■ DESCRIPTION OF THE TASK:
The lines to be extracted begin at the line containing "陕西省西安市测绘资质的专业范围共分为2023(实时/更新中)" and end at the last line of the data below; copy them exactly and leave out the pictures.

■ INFORMATION GIVEN:

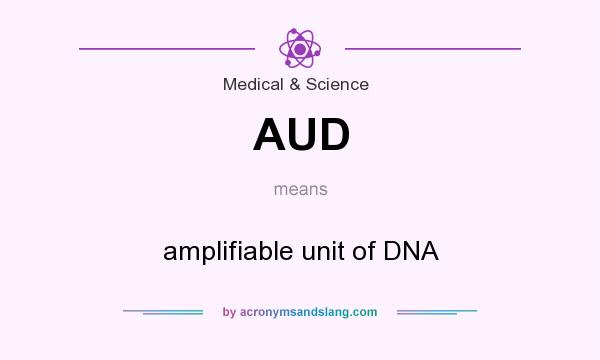 What does AUD mean? It stands for amplifiable unit of DNA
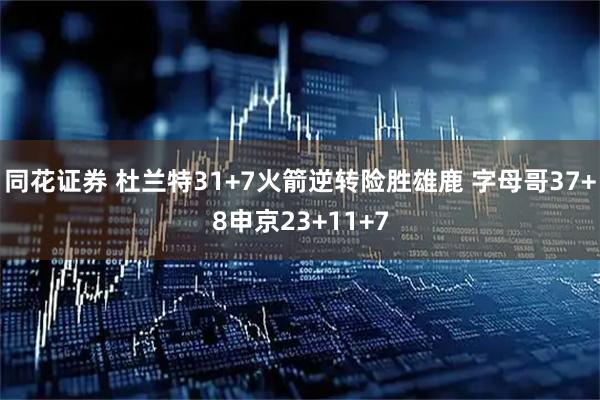 同花证券 杜兰特31+7火箭逆转险胜雄鹿 字母哥37+8申京23+11+7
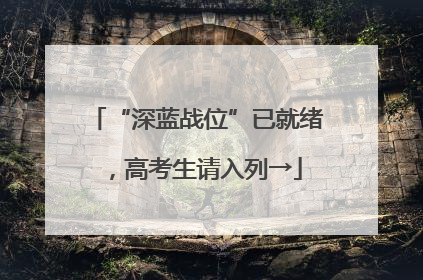 “深蓝战位”已就绪，高考生请入列→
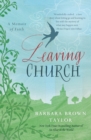 Image for Leaving Church : A Memoir of Faith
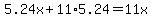 5.24x%2B11%2A5.24=11x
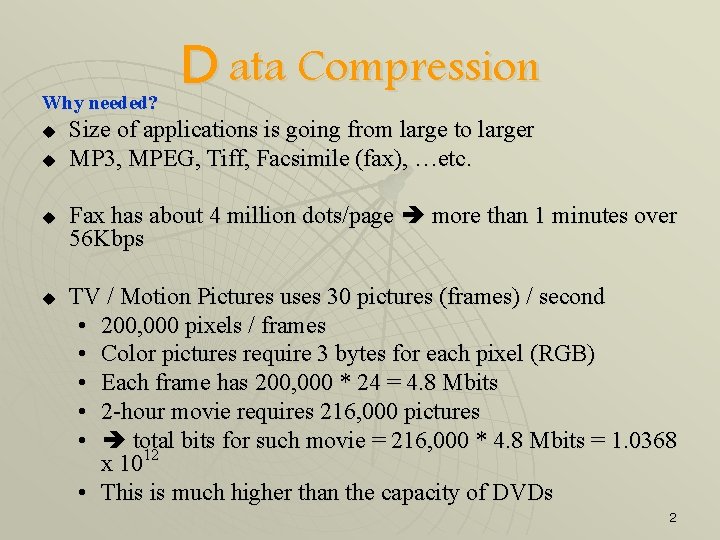 Why needed? u u D ata Compression Size of applications is going from large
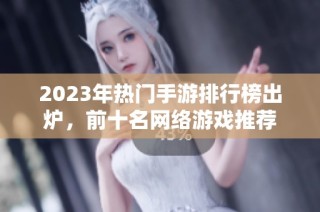 2023年热门手游排行榜出炉，前十名网络游戏推荐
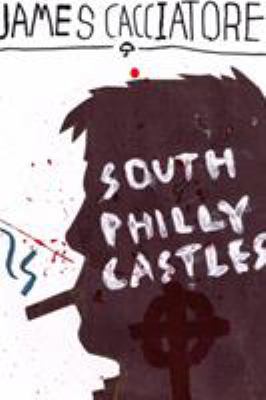 South Philly Castles 1365852237 Book Cover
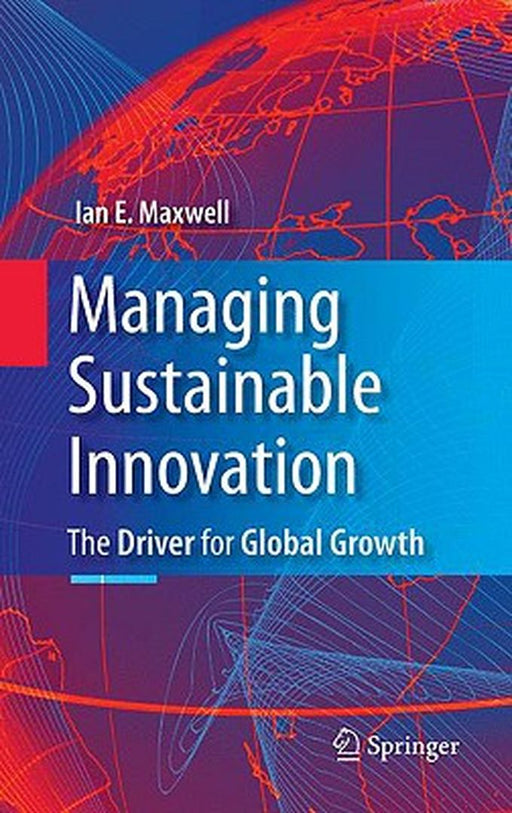 Managing Sustainable Innovation: The Driver for Global Growth by Ian E. Maxwell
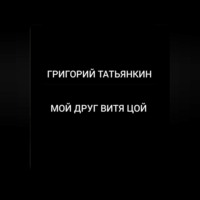 Григорий Татьянкин. Мой друг Витя Цой
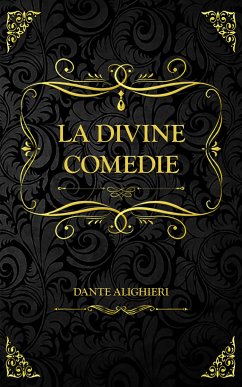 La Divine Comédie (eBook, ePUB) - Alighieri, Dante; Alighieri, Dante; de Rivarol, Antoine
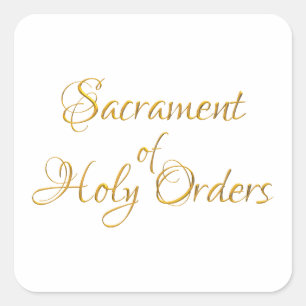 Sacrament of Holy Orders Golden 3D Look Quadratischer Aufkleber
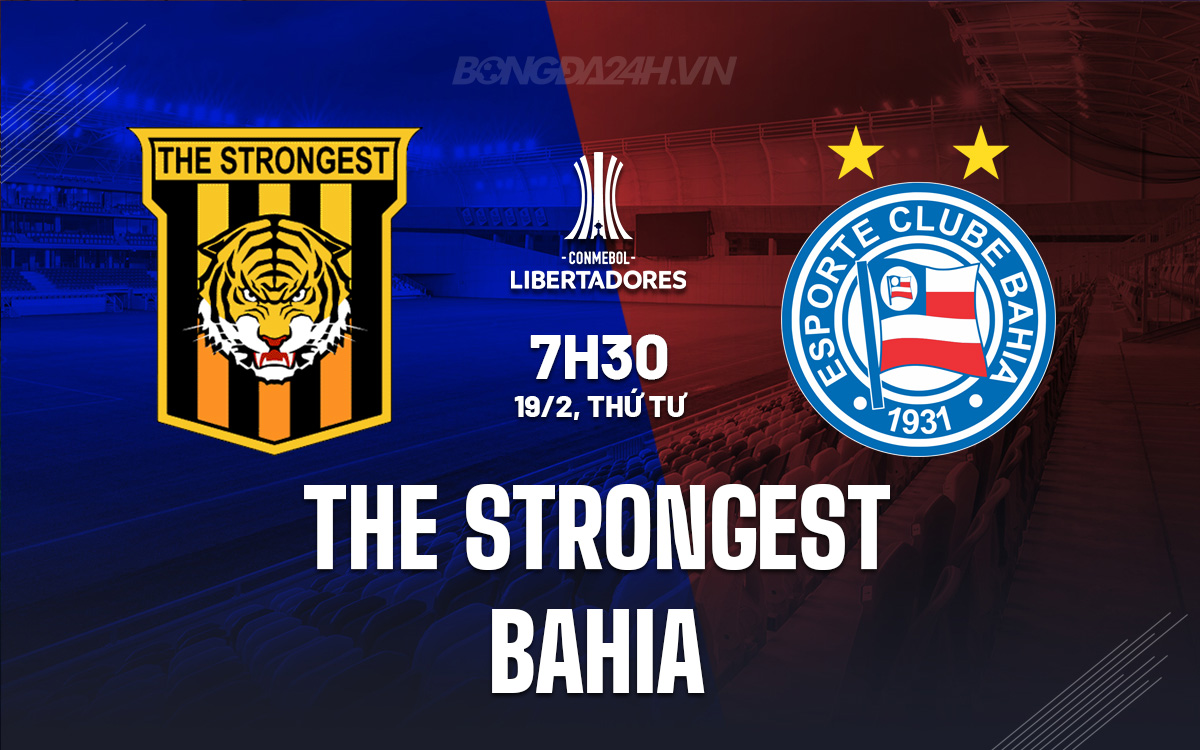 The Strongest vs Bahia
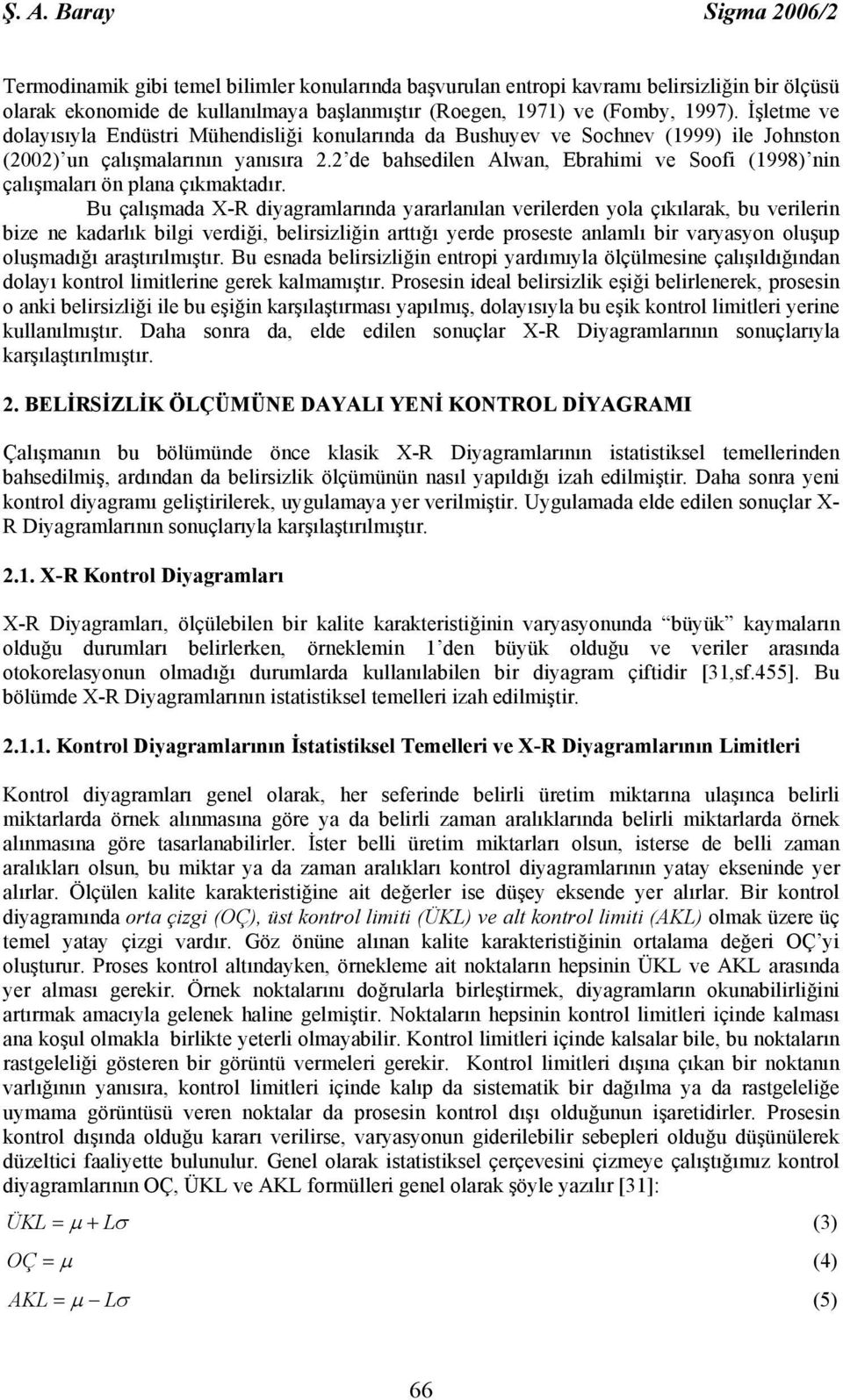 2 de bahsedilen Alwan, Ebrahimi ve Soofi (1998) nin çalışmaları ön plana çıkmaktadır.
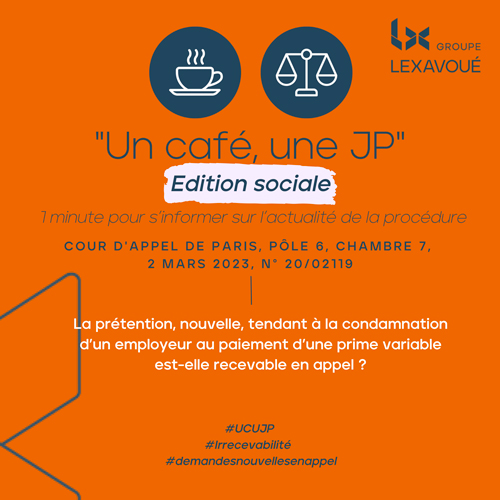 Un café une JP - Edition sociale - La prétention, nouvelle, tendant à la condamnation d’un employeur au paiement d’une prime variable est-elle recevable en appel ?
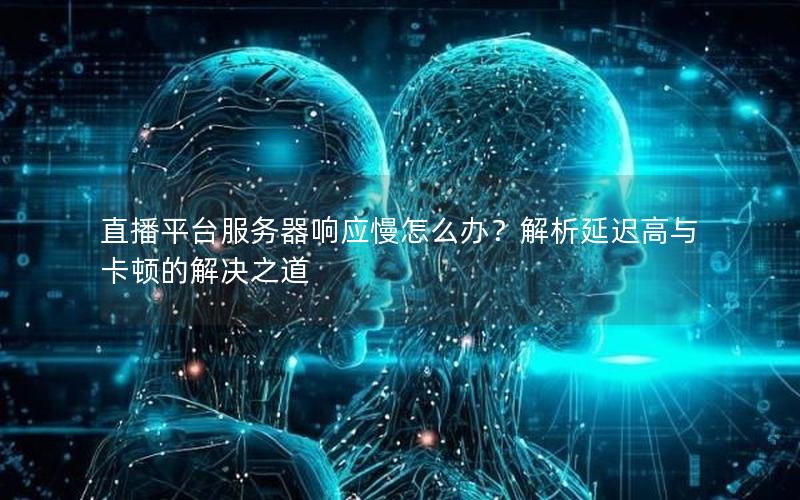 直播平台服务器响应慢怎么办？解析延迟高与卡顿的解决之道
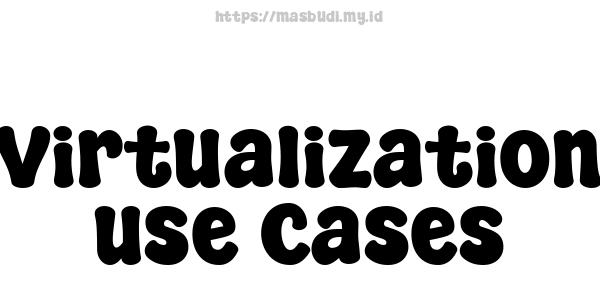 Virtualization use Cases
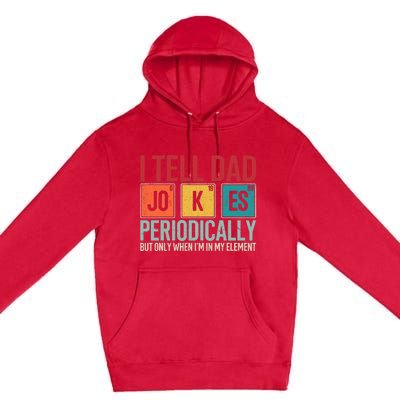 I Tell Dad Jokes Periodically Funny FatherS Day Dad Gift Premium Pullover Hoodie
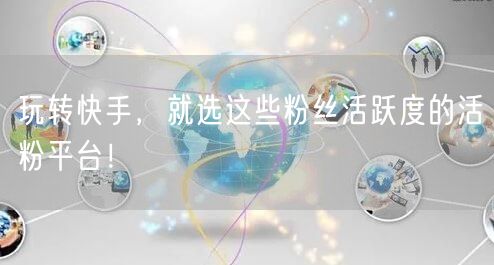 玩转快手，就选这些粉丝活跃度的活粉平台！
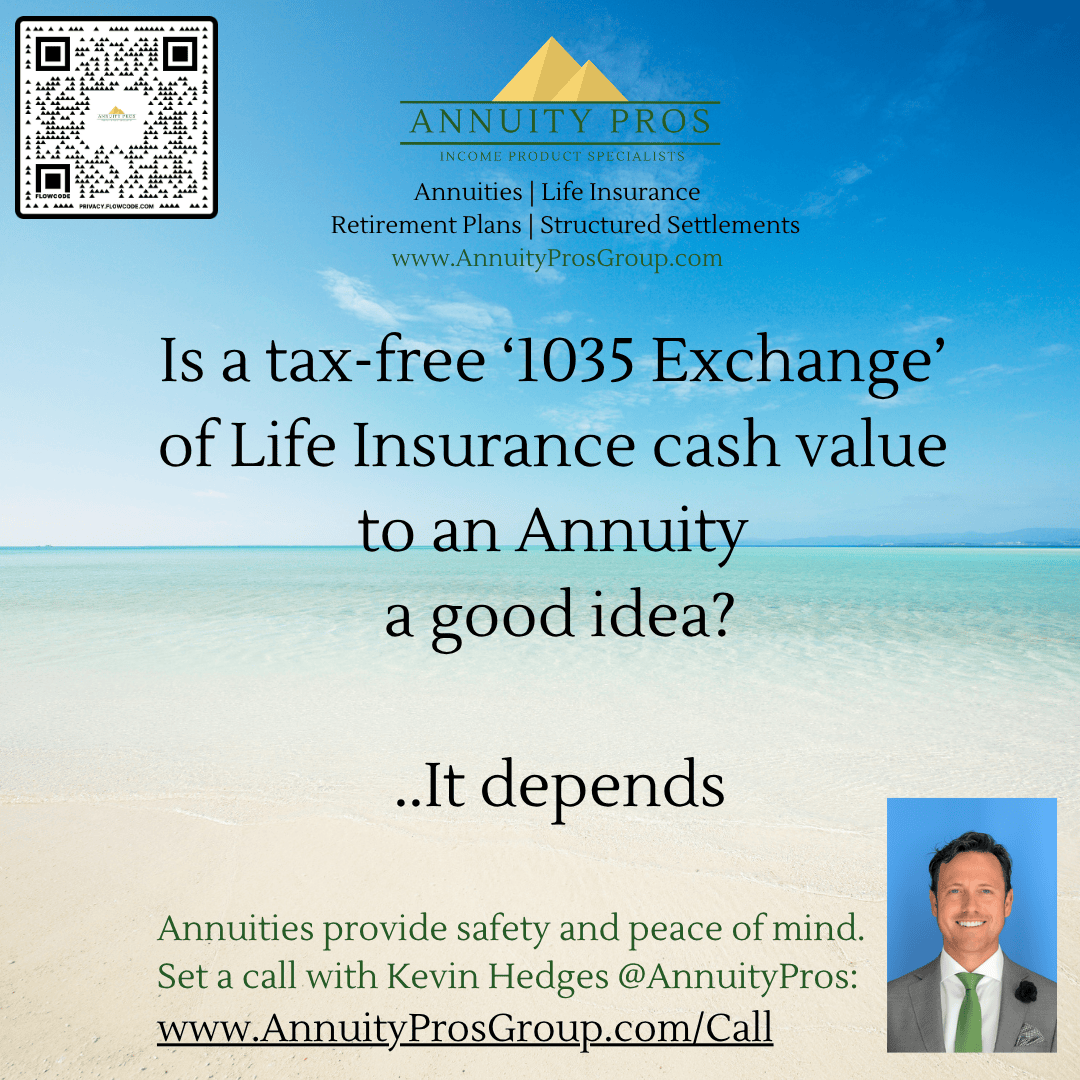 Is a 1035 Exchange of Life Insurance cash value to an Annuity a good idea?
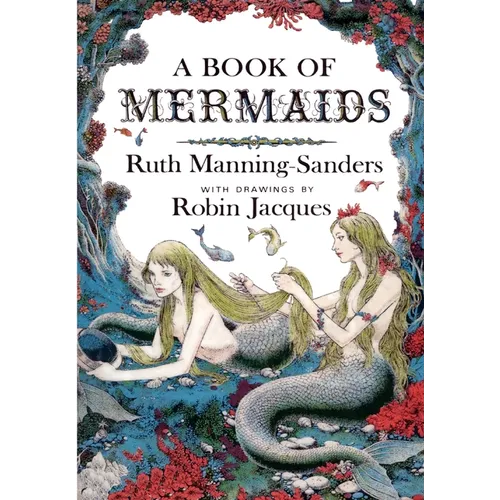 A Book of Mermaids - Hardcover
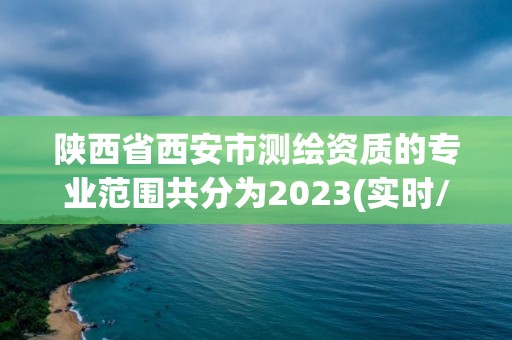 陕西省西安市测绘资质的专业范围共分为2023(实时/更新中)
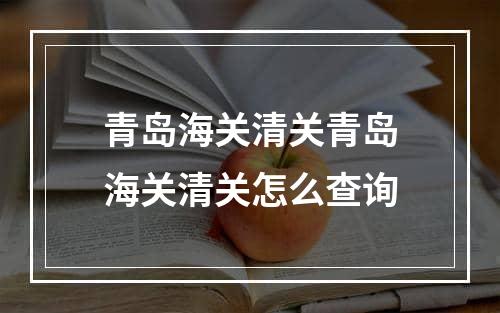 青岛海关清关青岛海关清关怎么查询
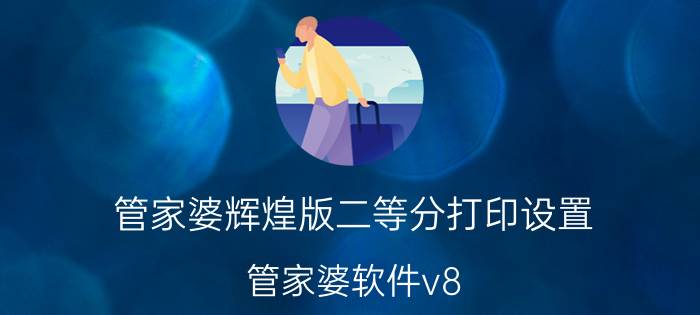 管家婆辉煌版二等分打印设置 管家婆软件v8.5打印数量控制怎么设置？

■ RESULT:
 陕西省西安市测绘资质的专业范围共分为2023(实时/更新中)
 青岛海关清关青岛海关清关怎么查询
 管家婆辉煌版二等分打印设置 管家婆软件v8.5打印数量控制怎么设置？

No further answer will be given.